Budweiser, a product of Anheuser-Busch InBev NV (NYSE:BUD), is looking to expand its brand name in emerging economies like China and Russia, according to a recent interview with the Wall Street Journal. The move is a welcome one for shareholders, given that Budweiser has seen its sales slide for the last 21 years, even though the beer remains the second largest U.S. beer brand after Bud Light.

Carlos Brito, a 50 year old native of Rio de Janiero, and chief executive of Anheuser-Busch InBev NV of Brazil, is good at one thing: frugality. The CEO is the mastermind behind the no-frills culture in which executives abstain from individual secretaries and company cars. Such cost sensitivity has helped finance the deal-making extravaganza that culminated in the $52 billion purchase of Anheuser-Busch Cos. in 2008 by InBev NV, the Brazilian-Belgian hybrid.

However, Brito would like to see a halt to the iconic brew’s decline in its largest market in the U.S. while expanding sales in China and Russia. Bud Light, together with Bud Light Lime and Bud Light Golden Wheat, may have seen a growth in market share last year, but the Budweiser brand has stagnated. Brito believes that, although the poor economy forced some consumers to trade down, other consumers still have respect for craft beers which he considers products of Budweiser.

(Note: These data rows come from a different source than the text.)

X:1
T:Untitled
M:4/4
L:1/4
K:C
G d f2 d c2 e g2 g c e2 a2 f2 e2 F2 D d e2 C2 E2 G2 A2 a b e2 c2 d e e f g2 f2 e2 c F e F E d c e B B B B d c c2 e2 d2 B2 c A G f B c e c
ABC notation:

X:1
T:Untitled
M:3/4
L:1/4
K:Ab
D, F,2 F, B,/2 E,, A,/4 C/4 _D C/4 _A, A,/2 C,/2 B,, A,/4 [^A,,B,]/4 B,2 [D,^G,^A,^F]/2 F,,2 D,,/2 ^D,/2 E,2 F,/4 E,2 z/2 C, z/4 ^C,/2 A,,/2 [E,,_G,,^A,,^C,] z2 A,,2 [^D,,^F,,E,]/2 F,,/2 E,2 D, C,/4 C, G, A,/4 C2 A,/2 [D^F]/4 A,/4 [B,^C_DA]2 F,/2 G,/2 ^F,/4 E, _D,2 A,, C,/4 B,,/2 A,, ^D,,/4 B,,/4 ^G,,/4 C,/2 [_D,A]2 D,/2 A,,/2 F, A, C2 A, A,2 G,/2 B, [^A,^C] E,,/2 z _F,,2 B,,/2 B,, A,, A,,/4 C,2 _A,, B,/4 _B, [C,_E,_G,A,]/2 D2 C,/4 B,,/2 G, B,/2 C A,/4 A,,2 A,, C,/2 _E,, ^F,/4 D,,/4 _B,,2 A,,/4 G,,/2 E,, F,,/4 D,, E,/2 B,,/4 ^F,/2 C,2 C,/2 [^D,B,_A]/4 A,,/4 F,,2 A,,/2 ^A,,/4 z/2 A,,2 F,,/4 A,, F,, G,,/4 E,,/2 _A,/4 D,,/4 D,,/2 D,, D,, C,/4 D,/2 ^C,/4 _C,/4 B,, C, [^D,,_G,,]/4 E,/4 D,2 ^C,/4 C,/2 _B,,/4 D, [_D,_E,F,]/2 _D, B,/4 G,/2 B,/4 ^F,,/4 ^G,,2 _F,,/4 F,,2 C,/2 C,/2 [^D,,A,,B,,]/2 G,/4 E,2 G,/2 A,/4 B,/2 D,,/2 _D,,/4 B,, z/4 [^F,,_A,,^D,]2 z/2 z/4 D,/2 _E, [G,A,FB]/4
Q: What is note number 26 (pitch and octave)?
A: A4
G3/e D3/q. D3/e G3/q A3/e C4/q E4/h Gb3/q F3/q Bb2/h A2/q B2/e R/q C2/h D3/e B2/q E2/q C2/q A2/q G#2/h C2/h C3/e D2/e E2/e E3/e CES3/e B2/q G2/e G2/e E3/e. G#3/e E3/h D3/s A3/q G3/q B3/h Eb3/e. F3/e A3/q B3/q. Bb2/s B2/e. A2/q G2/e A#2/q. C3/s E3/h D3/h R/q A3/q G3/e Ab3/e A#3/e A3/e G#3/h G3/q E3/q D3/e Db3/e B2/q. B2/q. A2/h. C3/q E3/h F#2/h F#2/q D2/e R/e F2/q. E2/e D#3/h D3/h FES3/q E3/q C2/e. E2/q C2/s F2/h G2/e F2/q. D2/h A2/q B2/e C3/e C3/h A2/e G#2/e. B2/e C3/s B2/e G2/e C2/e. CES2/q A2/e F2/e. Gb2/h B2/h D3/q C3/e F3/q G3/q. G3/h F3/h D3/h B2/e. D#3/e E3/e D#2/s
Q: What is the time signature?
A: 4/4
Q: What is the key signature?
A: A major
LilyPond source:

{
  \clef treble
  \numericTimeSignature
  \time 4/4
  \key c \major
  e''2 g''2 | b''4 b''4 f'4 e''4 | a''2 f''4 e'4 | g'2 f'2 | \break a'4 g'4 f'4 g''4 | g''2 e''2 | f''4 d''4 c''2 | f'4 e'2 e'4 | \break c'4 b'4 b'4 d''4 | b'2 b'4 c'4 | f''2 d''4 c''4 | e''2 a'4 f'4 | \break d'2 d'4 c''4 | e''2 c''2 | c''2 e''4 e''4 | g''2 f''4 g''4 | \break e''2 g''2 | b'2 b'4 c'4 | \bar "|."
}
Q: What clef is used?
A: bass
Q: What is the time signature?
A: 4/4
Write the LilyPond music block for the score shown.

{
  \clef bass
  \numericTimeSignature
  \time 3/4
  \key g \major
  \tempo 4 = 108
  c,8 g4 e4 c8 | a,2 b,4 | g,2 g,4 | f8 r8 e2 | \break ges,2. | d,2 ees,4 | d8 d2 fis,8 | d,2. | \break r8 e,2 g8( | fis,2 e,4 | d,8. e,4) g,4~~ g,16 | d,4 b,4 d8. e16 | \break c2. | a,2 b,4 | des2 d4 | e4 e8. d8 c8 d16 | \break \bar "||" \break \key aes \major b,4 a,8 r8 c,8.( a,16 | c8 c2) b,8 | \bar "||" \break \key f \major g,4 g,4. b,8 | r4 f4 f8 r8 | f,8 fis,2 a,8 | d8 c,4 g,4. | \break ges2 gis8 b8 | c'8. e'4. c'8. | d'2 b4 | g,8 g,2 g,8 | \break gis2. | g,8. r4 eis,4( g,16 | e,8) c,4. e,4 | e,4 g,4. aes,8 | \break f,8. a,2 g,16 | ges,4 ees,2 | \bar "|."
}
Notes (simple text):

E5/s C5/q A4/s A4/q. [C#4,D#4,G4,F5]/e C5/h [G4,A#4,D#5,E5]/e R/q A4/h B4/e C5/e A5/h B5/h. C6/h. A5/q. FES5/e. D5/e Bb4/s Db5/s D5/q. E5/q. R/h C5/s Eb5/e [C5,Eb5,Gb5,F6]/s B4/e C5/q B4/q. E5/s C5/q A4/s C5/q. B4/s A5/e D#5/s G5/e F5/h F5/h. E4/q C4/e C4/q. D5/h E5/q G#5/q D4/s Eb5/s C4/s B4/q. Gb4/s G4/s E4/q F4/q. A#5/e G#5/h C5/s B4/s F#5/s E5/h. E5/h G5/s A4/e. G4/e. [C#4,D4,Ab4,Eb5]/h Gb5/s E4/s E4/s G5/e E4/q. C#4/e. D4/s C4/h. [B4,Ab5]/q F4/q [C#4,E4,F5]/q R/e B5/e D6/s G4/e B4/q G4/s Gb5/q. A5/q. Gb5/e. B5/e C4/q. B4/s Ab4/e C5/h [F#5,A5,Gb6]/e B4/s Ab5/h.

In an interview with the Journal, the CEO was quick to note that Budweiser utilizes a different brewing process than the rest of the beers out there – beechwood aging. The process increases the surface area that the yeast used in the brewing process can cling to, giving the beer a cleaner finish. The process is also rumored to help lower costs at the same time.

Budweiser is the second leading beer company in Russia, behind Carlsberg A/S, but the company has faced high taxes and other economic strains. They are addressing these issues by shifting to low-price brands to brands, such as Budweiser, which the company believes will stabilize business in five or 10 years.

As well, China is a big beer market, but Budweiser faces a lot of competition with cheap beer there. The tough pricing environment has them focusing on enhancing the mix and selling more Budweiser and Harbin instead of their local brands. “The Chinese are very open to premium brands,” stated Brito.

Anheuser-Busch InBev NV has seen revenue soar from $23.5 billion in 2008 to $36.8 billion in 2009. The company also saw a rise in net income from $3.1 billion in 2008 to $5.9 billion in 2009.